• Task
Omit all pictures. Quote the lines from the one with "Nigeria International New" through the end of the listing below, exactly as they appear.

■ ■ ■ ■ ■

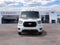2027 Ford Transit-350 XLT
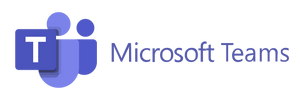 Microsoft Teams to MongoDB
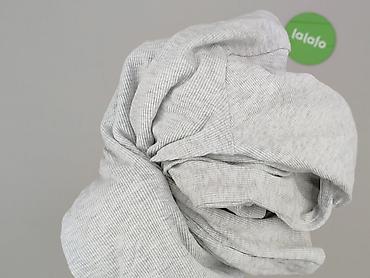 z kapturem: Boohoo, Bluza damska
, rozmiar L — 4
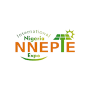 Nigeria International New Energy & Power Industry Expo NNEPIE, Lagos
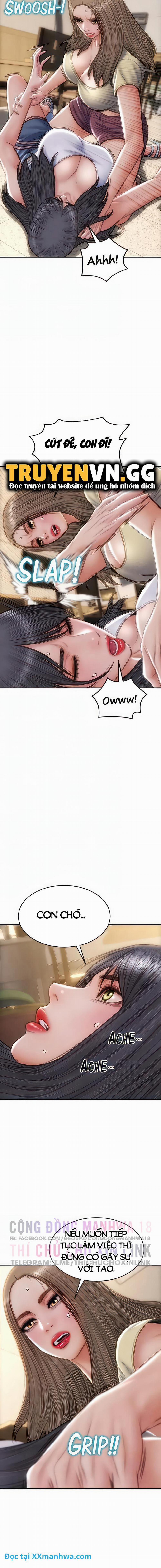 Fuck boy báo thù 72 trang 10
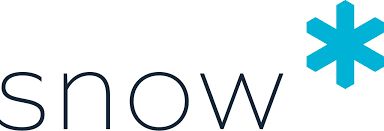 logo Snow software index.png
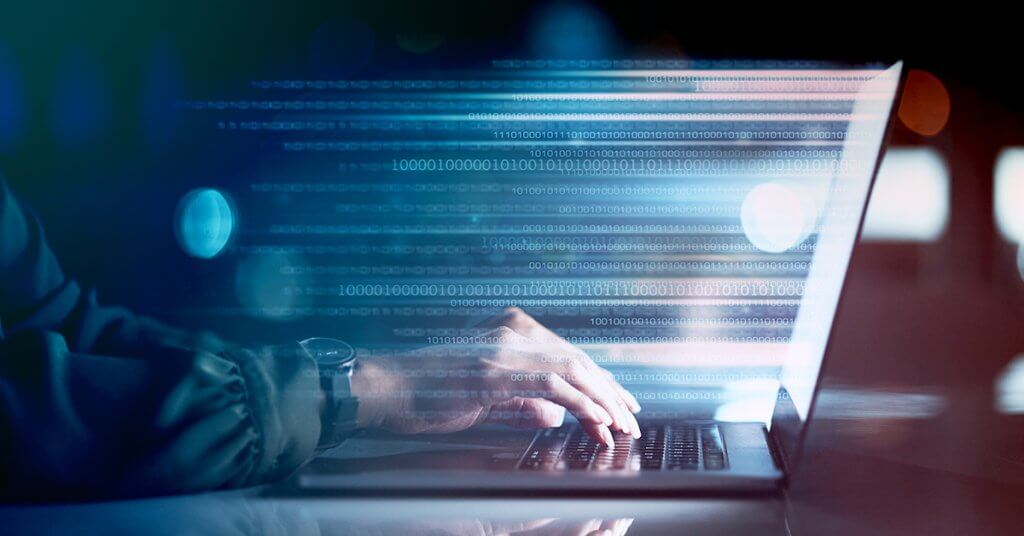 informácie sa ocitli na dark webe náhľadový obrázok ESET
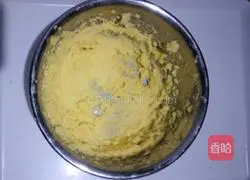 Cream pound cake recipe 3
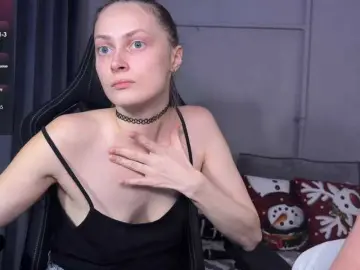 Bongacams Adult Webcams of DvaBomja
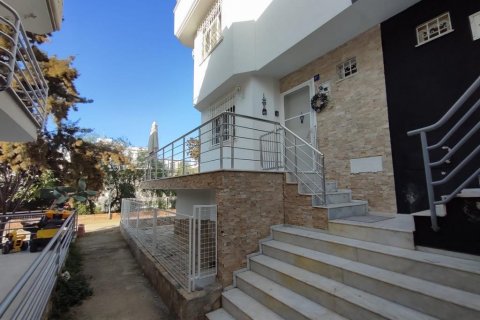   i Kusadasi, Aydin, Turkiet Nr. 177968 - 3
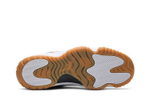 Кроссовки Jordan Air Jordan 11 Retro Low Midnight Navy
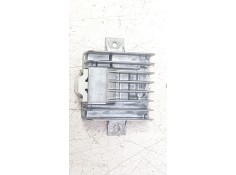 MODULO ELECTRONICO A2139005932 A2139005932 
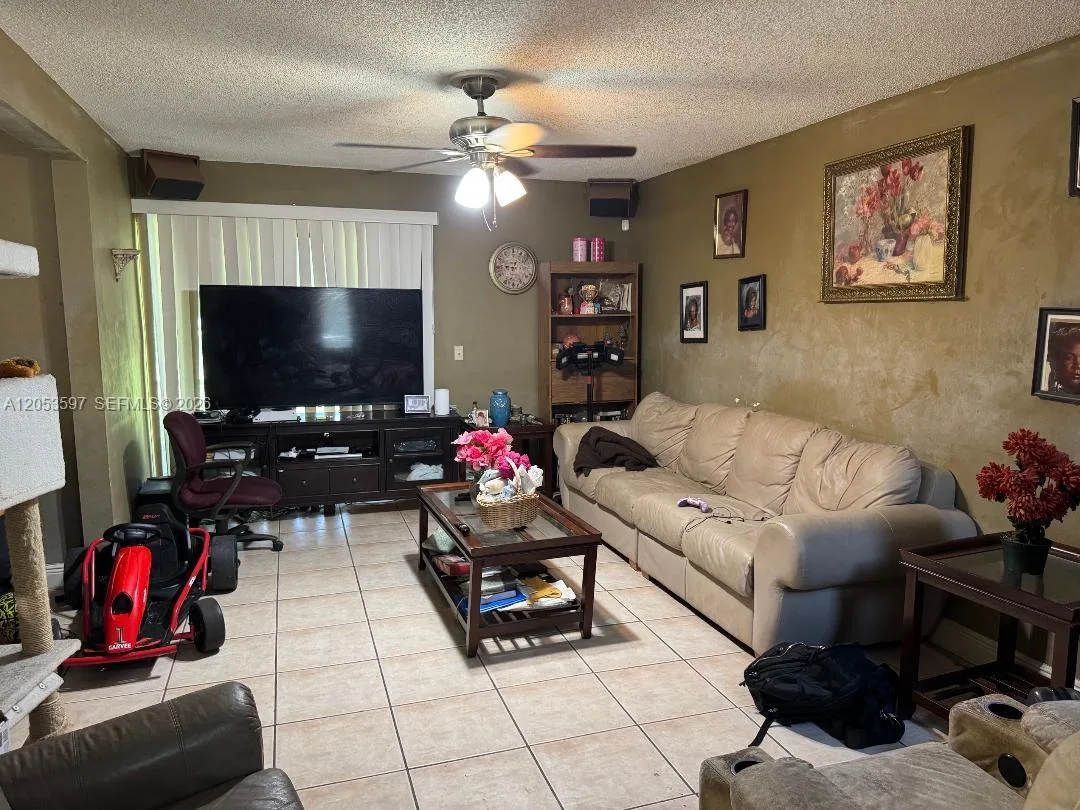 7200 NW 2nd Ave # 0360, Boca Raton, FL 33487 photo 3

■ ■ ■ ■ ■

• Response below
 Nigeria International New Energy & Power Industry Expo NNEPIE, Lagos
 Fuck boy báo thù 72 trang 10
 logo Snow software index.png
 informácie sa ocitli na dark webe náhľadový obrázok ESET
 Cream pound cake recipe 3
 Bongacams Adult Webcams of DvaBomja
   i Kusadasi, Aydin, Turkiet Nr. 177968 - 3
 Кроссовки Jordan Air Jordan 11 Retro Low Midnight Navy
 MODULO ELECTRONICO A2139005932 A2139005932 
 7200 NW 2nd Ave # 0360, Boca Raton, FL 33487 photo 3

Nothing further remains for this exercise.